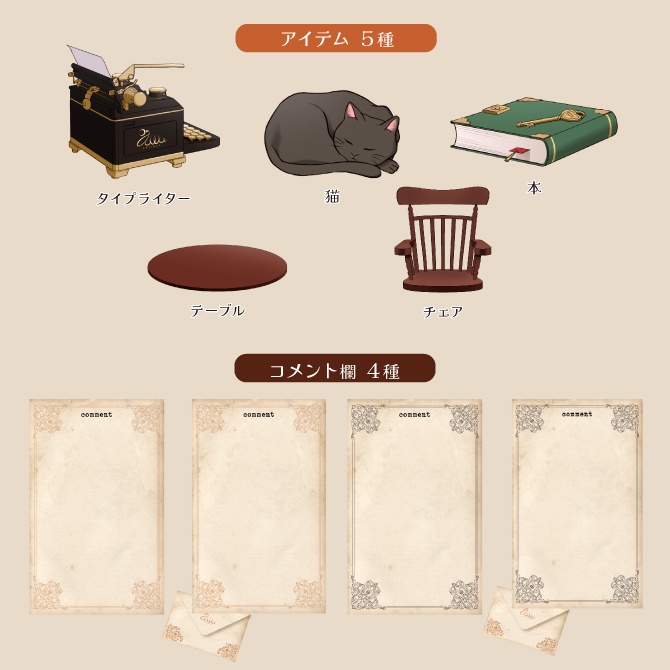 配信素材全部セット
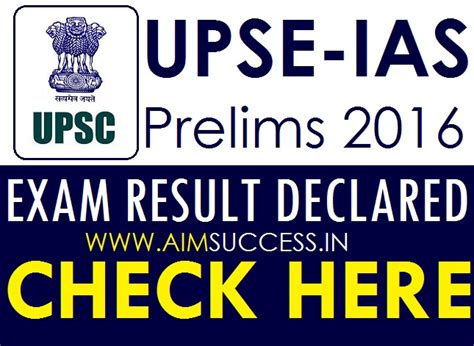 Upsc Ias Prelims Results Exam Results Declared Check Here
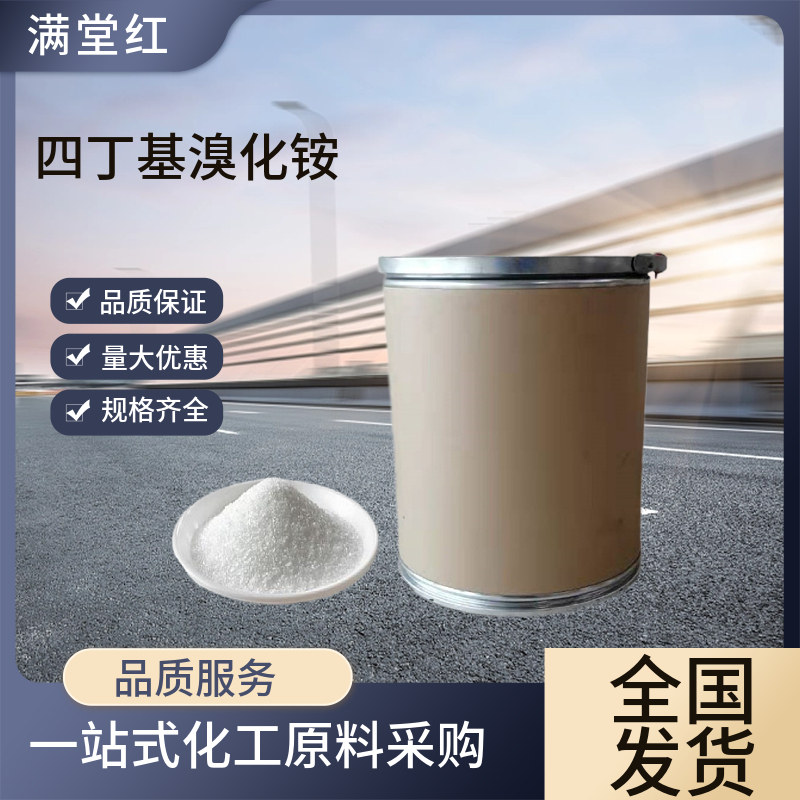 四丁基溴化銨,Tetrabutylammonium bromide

----------------------------------------

Everything from the line with "Upsc Ias Prelims" through the end of the listing above, both ends included, should be set down exactly; copy nothing else, and skip the pictures.

 Upsc Ias Prelims Results Exam Results Declared Check Here
 四丁基溴化銨,Tetrabutylammonium bromide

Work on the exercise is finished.